The smiths copied not only the letters but also the shapes of the original, the charters from southern India being long and narrow in imitation of palm leaves, from northern India being comparatively wider. The text was incised parallel to the long side. Usually several sheets were required to complete the text, and these were written in the usual pothî format, with blank first and last sides, and then strung through a hole on a ring to which could be affixed a large bronze boss cast from a mould bearing the royal seal. Some dynasties of northern India preferred to issue grants in large single sheets with the seal welded or riveted on. They were usually kept not in secure storage but buried at the boundaries of the land which had been granted. They were especially important as the only permanent records of land holdings and were frequently altered by beating out the important details and reincising: and in later centuries entirely spurious grants are commonplace. The largest grant so far discovered is on 55 plates weighing 2161b with over 2,500 lines, issued by Râjendra Cola in ad 1024.

Most of these materials, apart from palm leaves, birch bark and sâncî bark, were used for special purposes for which the newest material, paper, could not be substituted. This material, officially invented according to Chinese annals by one Tsai Lun in ad 105, was formed by pulping and shredding materials of vegetable origin in a solution of water and gum and catching the suspended fragments on a fine mesh; when allowed to dry, a malleable and durable sheet of considerable strength is the result. The Chinese after perfecting the process used the bark of the paper mulberry as the vegetable basis of their paper. The process was learnt by the Arabs after the conquest of Samarkand in 751, and spread throughout the Middle East, but linen rags were substituted for the mulberry bark. This sort of paper was introduced by the Turks after their conquest of northern India, in the early 13th century. There is some evidence, however, to show that another kind of paper was in use at least in the Himalayan regions long before this.

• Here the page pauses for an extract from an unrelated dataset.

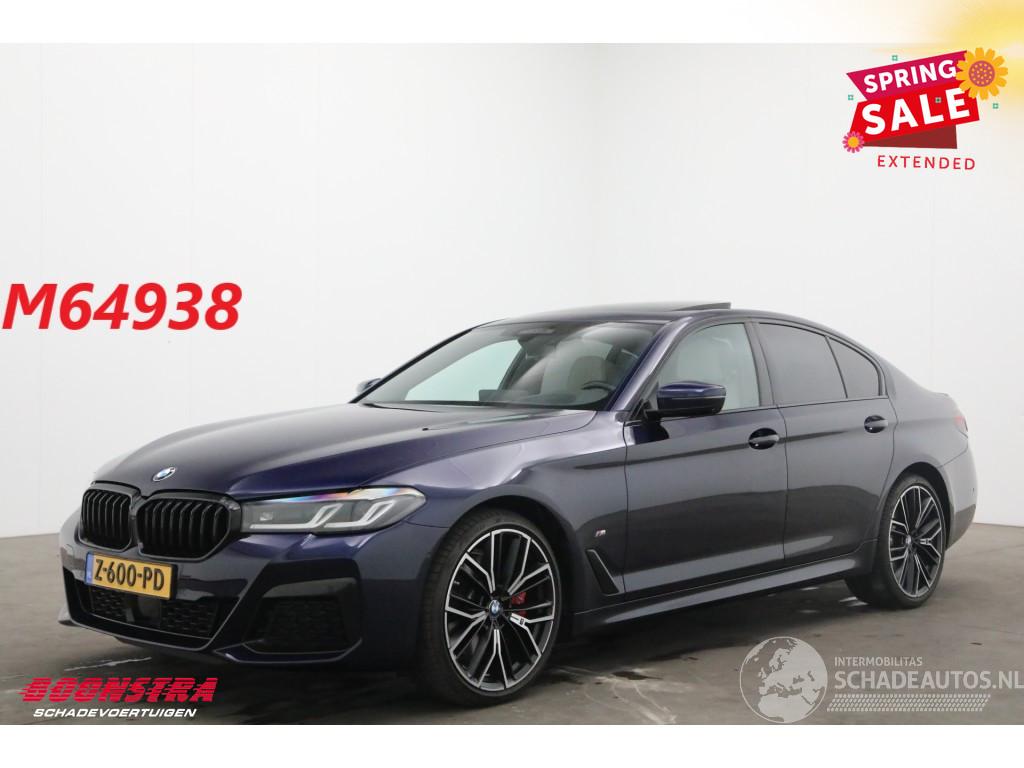 BMW 5-serie 520d M-Sport Pro Schuifdak LED ACC HUD Memory H/K 360° SHZ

Numerous examples of paper manuscripts in Indian scripts were discovered in the various archaeological expeditions sent to Central Asia in the early years of this century. The paper used in these manuscripts is of poor quality and in no way compares with the many specimens of beautiful papers used for Chinese manuscripts found, for example, in the Cave of the Thousand Buddhas at Tunhuang. It is usually unbleached, off-white or dirty-brown in tone, and suggests that its makers while knowledgeable in the techniques of papermaking were either insufficiently skilled to be capable of the manufacture of, or simply indifferent to, such a high-quality product. They are all in the pothî format and in a variety of hands, one of them being a large calligraphic variety of the Gupta script used exclusively in Central Asia. Examples of paper manuscripts from Central Asia such as the Weber and Macartney Mss. (in the Bodleian and British Libraries) include, however, texts written in scripts of undeniable Indian origin, the northern and western varieties of the Gupta script, which were thought to have been copied by Indian scribes in Central Asia. However, the discovery of a large cache of paper manuscripts in Gilgit in 1931 along with birch-bark manuscripts suggests that papermaking was practised at least in the Himalayan regions of the Indian subcontinent by the 6th century ad. Knowledge of the process may have spread to Gilgit across the Karakorum, or perhaps along the Himalayan trade route from Nepal.

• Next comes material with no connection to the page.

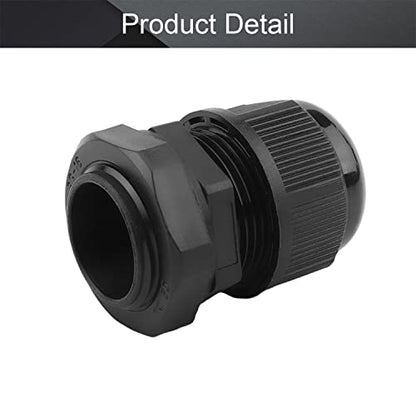 Fielect Cable Gland PG16 2 Holes Waterproof Nylon Joint Adjustable Locknut for 2.5-6 Dia Wire 1Pcs - color: 2 11mm 22.5mm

Papermaking in another part of the Himalayan region, the valley of Nepal, was undertaken since at least the 12th century, since two manuscripts dated 1105 (now in the Asutosh Museum in Calcutta) and 1185 (No. 11) are now known. The earlier manuscript is on a greyish-brown paper, the later on a paper dyed dark blue and written in gold and silver ink, a style that was especially popular in Nepal in later centuries. In place of the mulberry, Nepalese papers all used the bark of the daphne [Daphne papyracea] as the raw vegetable material, which grows on the high hills surrounding the Kathmandu valley.

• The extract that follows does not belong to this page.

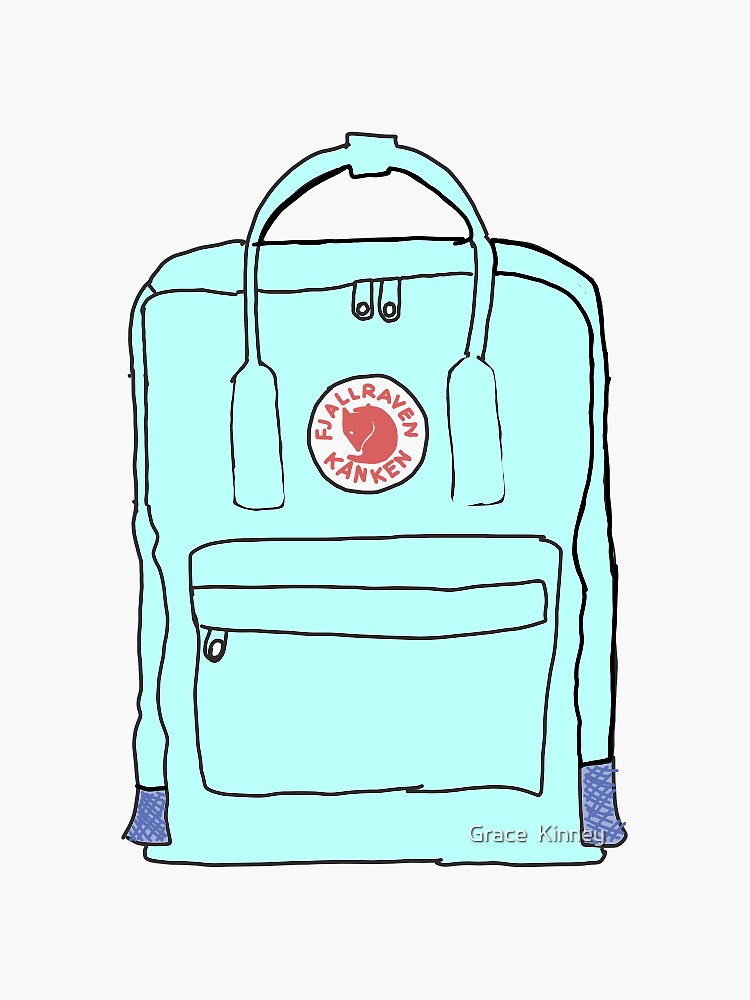 kanken bag light blue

Abb.. Daphne papyracea [Bildquelle: : Polunin, Oleg ; Stainton, Adam:. Flowers of the Himalaya.  -- Delhi : Oxford, 1984.  -- 580 S. : Ill.  -- ISBN 0192176234. -- Plate 109]


Abb.: Lokta-Papier aus Daphne spp., Nepal

It is perhaps extraordinary that if papermaking was practised as early as the 6th century, its use should not have been more widespread. However, these ancient papers depended on the use of plants which grow only in the Himalayas, so that its manufacture was severely localized. The same of course is true of birch bark, but by the middle of the first millennium ad its use was sanctified by centuries of traditions, so that there was little incentive to change to a new material which involved an even more laborious preparation and was not especially suitable to the climate of the north Indian plains. Even in Nepal where papermaking was clearly well-established by the 12th century, the number of palm-leaf manuscripts surviving far outstrips those on paper until the 16th century.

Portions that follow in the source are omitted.